The 9’s #3 – Michael Head and The Strands – The Magical World of The Strands


There’s no such thing as an album that’s a perfect 10 – but there those that are one notch below. The 9’s is an occasional series which explores some of those records.

Released: 1997

About

Mick Head’s twentieth century career mishaps are the stuff of legend; a former Pale Fountain, with their successors Shack he was a pincushion for the slings and arrows of outrageous misfortune. Rebooting himself as The Strands with brother John and ensconced in a Liverpool studio with no time constraints, The Magical World of.. took two drug impaired years to make and then a further couple to be released. What emerged was arguably his masterpiece, a Mersey hallucination of Love and The Byrds that first cocoons and then enchants the listener.

Why a 9?

Like his hero Arthur Lee, Head was able to master whatever style he turned his pick to, from the starlit folk of Hocken’s Hay through the appropriately nodding louche of X Hits The Spot, whilst the feather light opener Queen Matilda was a troubadour’s work of skill and sorcery. With typically abysmal luck however any sort of Britpop tailwind it might’ve earned if released at it’s peak had blown out by the time The Magical World of... limped into a hubristic sunlight. It’s cult status though somehow suits; hard to find and harder to accidentally stumble upon, three decades later you can still be the best mate ever by introducing a lucky neophyte to it’s consuming wizardy.

Why Is It Important?

The list of bands in thrall to their mentors – Big Star, Love, The Byrds, The Small Faces, The Beatles, you do the matching up – is almost endless.
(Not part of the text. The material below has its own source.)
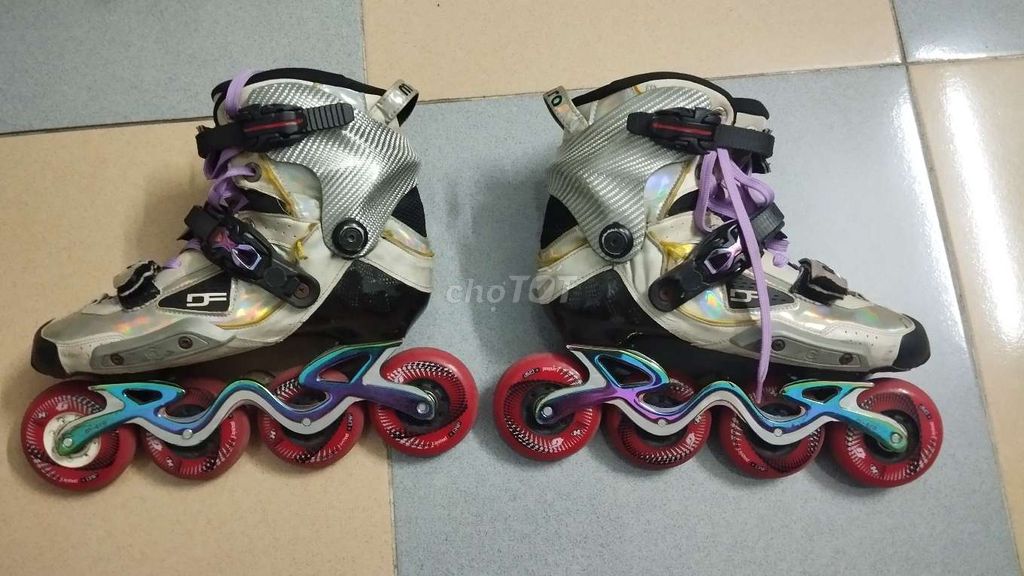 Giày patin carbon Micro Delta Force Jet 40. Mua bán Đồ thể thao, Dã ngoại tại Quận 10 Tp Hồ Chí Minh được đăng bởi Trần Tuấn Hải hình 1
Very few of these disciples though have ever gone much beyond derivation, a feat The Magical World of…achieves at least in part, with a stoned glory. It’s with no little irony that Mick Head’s best album is his least recognised, but he long ago learned to live with the idea that fate is a cruel mistress.

You Should Listen To

Queen Matilda, X Hits The Spot, Glyns and Jaqui, It’s Harvest Time, Hocken’s Hay, Loaded Man.